TYKRIL and lncRNA Biology
Tens of thousands of lncRNA transcripts are encoded by the human genome. They are transcripts over 200 nucleotides long without predicted protein-coding potential. lncRNAs typically bind either proteins or other RNA molecules to enact epigenetic, transcriptional, and posttranscriptional regulation of gene expression, affecting a wide range of biological processes ranging from cell proliferation, apoptosis, and differentiation (4). lncRNAs have dynamic and specific expression patterns, are expressed in both the nucleus and cytoplasm, and are released at detectable and reproducible quantities into the circulating plasma (5). A crucial challenge in the study of these molecules is their poor sequence conservation across mammalian species, thus making analysis of their in vivo mechanisms of action particularly challenging.

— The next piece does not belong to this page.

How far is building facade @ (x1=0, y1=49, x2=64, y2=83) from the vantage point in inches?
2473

Though a number of lncRNAs have been reported as dysregulated in tissue and plasma of subjects with PAH, the actions of only a few lncRNAs thus far have been implicated in pulmonary vascular pathophysiology. In this issue of the Journal, Zehendner and colleagues (pp. 1445–1457) screened the landscape of lncRNAs in human PAH lung tissue; they characterized the novel lncRNA TYKRIL (tyrosine kinase receptor–inducing lncRNA) in pulmonary vascular remodeling and suggest it as a new therapeutic target (6). The team began by conducting RNA-sequencing analysis of PASMCs and lung pericytes exposed to hypoxia and derived from patients with idiopathic PAH. This global screening approach allowed for the identification of numerous dynamically altered lncRNAs, including TYKRIL. In cultured PASMCs and pericytes and in lung slices from patients with PAH, the team demonstrated that TYKRIL regulates tyrosine kinase signaling by binding the tumor suppressor p53 and facilitating the transcription of platelet-derived growth factor receptor PDGFRβ, thus promoting the hyperproliferative and apoptosis-resistant phenotypes of these cells in PAH (Figure 1A).
Figure 1.
A new era for studies in long noncoding RNA (lncRNA) biology for pulmonary arterial hypertension. (A) Representation of TYKRIL (tyrosine kinase receptor–inducing lncRNA) function in the p53/PDGFRβ signaling axis under physiologic and pulmonary hypertension conditions. (B) Advancing methodologies for creating three in situ models to study human pathophysiology driven by nonconserved lncRNAs: precision-cut lung slices, humanized mouse models, and human organoid models. (C) Currently proposed therapeutic technologies and their drawbacks for inhibiting lncRNAs (Gapmers/antisense oligonucleotides [ASO] and CRISPR/Cas9 genome editing). Priorities for understanding lncRNA biology to develop more effective RNA therapies include systems biology analyses for defining RNA secondary structure, binding partners, and cell type–specific expression and function. 3D = three-dimensional.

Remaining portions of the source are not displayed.